Requirements...
Requirements are capabilities and objectives to which any product or service must conform and are common to all development and other engineering activities. Requirements management is the process of eliciting, documenting, organising, and tracking requirements and communicating this information across the various stakeholders and the project team. It ensures that iterative refinements and unanticipated changes are dealt with during the project life-cycle, with a view towards the overall quality of the resultant service or product. |
Requirement Management
What is it?
Requirements management involves understanding the relationship between goals, functions and constraints in terms of the specification of products, including systems behaviour, and service definition.
The goals provide the motivation for programmes and projects and represent the 'why' and to a certain extent the 'what' in development terms. The specification provides the basis for analysing requirements, validating that they are indeed what stakeholders want, defining what needs to be delivered, and verifying the resultant developed product or service.
Requirements management aims to establish a common understanding between the stakeholders and the project team(s) that will be addressing the requirements at an early stage in the project life-cycle and maintain control by establishing suitable base-lines for both development and management use.
Why it is important?
A general survey of some 300 projects across car manufacturing, telecoms and aerospace industries indicated that the main cause of failures were management and requirements issues. Five of the top eight issues were related to poor handling of requirements.
For software projects, according to the Standish Group, 31% of software projects are cancelled before the product is delivered to the customers, while 53% cost 189% or more of their original budgets. 40-60% of the software defects and failures being attributed to poor requirements, thus reflecting extent of the problem and the need to identify, communicate and manage IS project requirements.

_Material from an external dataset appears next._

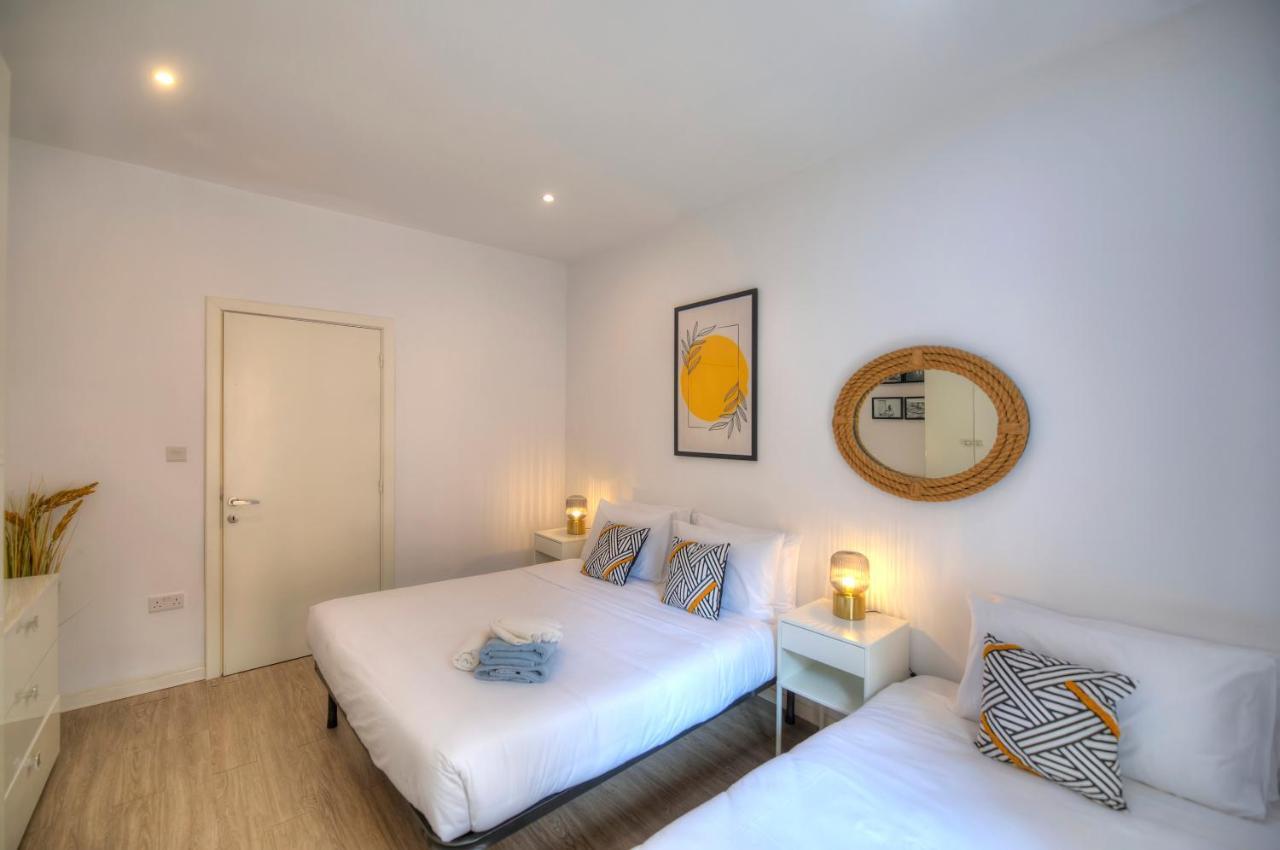 Spacious 4 Bedrooms With Sea View Balcony Goslm-3 Sliema Buitenkant foto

A project that fulfils its requirements is by definition a success. Requirements management ensures that suitable models of the service product are produced early in the life-cycle in order to provide fresh insights and to improve the conceptualisation of the end product or service.
Requirements management starts with the definition of requirements and continues through the project, culminating in the verification of the end product against the specified requirements.
Requirements management has a strong association with quality management in ascertaining what the customer wants (quality) and evaluating the solution in terms of whether it meets these requirements efficiently (conformance).